ASCOLI PICENO – Era accusato di violenza sessuale aggravata nei confronti della figlia sedicenne. Un uomo di poco più di cinquant’anni, di Pesaro, è stato processato e condannato in primo grado dal collegio giudicante del tribunale di Ascoli Piceno (presidente Emilio Pocci, giudici a latere Marco Bartoli e Bruno Fedeli) a 6 anni e mezzo di reclusione, al pagamento delle spese processuali, all’interdizione dai pubblici uffici e alla perdita della patria potestà sulla figlia, che all’epoca delle presunte violenze non aveva compiuto nemmeno 16 anni di età.
Una storia dai contorni torbidi che risale all’aprile del 2010, in cui le violenze sarebbero avvenute in momenti diversi.

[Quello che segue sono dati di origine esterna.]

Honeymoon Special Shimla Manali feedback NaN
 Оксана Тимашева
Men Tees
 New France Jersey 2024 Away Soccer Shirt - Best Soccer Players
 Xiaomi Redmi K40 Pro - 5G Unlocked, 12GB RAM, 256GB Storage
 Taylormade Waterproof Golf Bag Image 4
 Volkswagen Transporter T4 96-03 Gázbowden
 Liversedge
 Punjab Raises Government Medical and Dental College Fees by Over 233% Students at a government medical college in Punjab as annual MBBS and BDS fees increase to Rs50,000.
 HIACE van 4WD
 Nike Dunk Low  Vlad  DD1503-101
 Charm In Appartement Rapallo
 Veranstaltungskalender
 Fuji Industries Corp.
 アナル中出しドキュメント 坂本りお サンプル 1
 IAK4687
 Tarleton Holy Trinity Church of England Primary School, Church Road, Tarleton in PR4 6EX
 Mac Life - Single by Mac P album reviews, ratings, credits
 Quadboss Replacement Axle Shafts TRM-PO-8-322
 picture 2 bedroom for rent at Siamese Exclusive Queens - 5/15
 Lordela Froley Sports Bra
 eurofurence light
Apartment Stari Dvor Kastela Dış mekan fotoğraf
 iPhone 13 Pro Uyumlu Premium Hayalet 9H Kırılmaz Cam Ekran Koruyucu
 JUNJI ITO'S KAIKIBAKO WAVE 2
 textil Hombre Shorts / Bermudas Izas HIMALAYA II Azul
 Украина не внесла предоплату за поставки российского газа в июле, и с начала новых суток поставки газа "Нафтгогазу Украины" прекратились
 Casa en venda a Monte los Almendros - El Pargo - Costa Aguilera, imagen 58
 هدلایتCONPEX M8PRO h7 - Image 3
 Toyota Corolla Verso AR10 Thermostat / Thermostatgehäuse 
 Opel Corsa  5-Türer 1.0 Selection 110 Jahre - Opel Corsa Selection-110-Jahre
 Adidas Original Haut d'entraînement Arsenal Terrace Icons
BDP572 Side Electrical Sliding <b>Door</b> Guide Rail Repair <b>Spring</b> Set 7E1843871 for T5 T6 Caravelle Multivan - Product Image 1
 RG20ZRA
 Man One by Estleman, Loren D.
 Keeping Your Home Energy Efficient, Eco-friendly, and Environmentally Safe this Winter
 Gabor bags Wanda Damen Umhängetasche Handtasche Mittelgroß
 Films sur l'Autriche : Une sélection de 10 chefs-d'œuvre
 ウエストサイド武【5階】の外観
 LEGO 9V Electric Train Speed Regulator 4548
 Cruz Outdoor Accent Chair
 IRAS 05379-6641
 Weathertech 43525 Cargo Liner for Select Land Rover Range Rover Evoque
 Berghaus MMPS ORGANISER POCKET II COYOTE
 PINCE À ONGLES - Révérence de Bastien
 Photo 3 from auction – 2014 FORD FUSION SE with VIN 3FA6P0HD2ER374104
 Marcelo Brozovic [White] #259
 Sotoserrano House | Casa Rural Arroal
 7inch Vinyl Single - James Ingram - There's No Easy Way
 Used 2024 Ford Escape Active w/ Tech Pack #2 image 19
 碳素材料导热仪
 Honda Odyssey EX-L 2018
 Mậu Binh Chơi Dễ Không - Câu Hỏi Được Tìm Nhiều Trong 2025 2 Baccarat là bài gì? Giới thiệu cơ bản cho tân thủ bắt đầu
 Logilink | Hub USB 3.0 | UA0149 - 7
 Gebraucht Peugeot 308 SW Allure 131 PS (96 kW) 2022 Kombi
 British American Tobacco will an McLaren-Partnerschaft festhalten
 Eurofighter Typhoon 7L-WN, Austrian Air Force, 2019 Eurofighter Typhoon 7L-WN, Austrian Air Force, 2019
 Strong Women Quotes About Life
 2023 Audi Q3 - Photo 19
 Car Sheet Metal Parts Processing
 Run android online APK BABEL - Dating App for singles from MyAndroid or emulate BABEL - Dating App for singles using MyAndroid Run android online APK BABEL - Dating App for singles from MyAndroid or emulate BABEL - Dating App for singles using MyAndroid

Secondo gli atti d’accusa, depositati dal Pm, Umberto Monti – che aveva chiesto per l’indagato 8 anni di reclusione – l’uomo, separato già da tempo dalla moglie, si sarebbe recato più volte in un paesino abruzzese dove l’ex consorte viveva con la figlia. Quelle visite, però, erano diventate un vero e proprio incubo per lei, perché l’uomo avrebbe approfittato di quei brevissimi frangenti per costringere sua figlia, allora nemmeno sedicenne, a seguirlo nel seminterrato di un pub da lui gestito, dove, una volta rimasti soli, sarebbe cominciato l’incubo.
Il cinquantenne pesarese, infatti, dopo aver preventivamente ostruito ogni via di fuga, si sarebbe denudato e avrebbe cominciato a masturbarsi, costringendo, inoltre, la ragazzina a fare lo stesso e a spogliarsi a sua volta, con lo scopo di immortalare l’orrendo scenario di violenza con una macchina fotografica usa e getta. Accuse gravissime nei confronti dell’uomo, il quale sarebbe arrivato addirittura mostrare alla figlia la ferma intenzione di voler diffondere il materiale pedo pornografico realizzato, vendendone parte ad una terza persona per poi consegnarle una percentuale dei soldi ricavati.
Prima della camera di consiglio, l’udienza è stata incentrata sull’arringa degli avvocati difensori, Antonio Talamonti e Pierluigi Acciaferri, secondo i quali, tra le altre ipotesi difensive, ci sarebbero delle circostanze contraddittorie rilevanti. Dubbi, secondo i legali del cinquantenne di Pesaro, anche su alcuni dettagli del contesto in cui sarebbero avvenute le violenze e sul fatto che la ragazzina sarebbe stata fortemente osteggiata dal padre per una relazione che da tempo aveva iniziato con un ragazzo di nazionalità romena. Lei sarebbe rimasta incinta e il padre l’avrebbe costretta ad abortire, scatenando, secondo la difesa, le ire della ragazza a tal punto da decidere di ordire una sorta di vendetta trasversale contro il genitore.
L’uomo, che ha sempre negato ogni addebito, per bocca dei suoi legali difensori ha sempre espresso la volontà di “voler parlare solo con la Corte, senza far ricorso a riti alternativi”. Dopo la sentenza di condanna, Talamonti e Acciaferri, annunciano battaglia in Appello.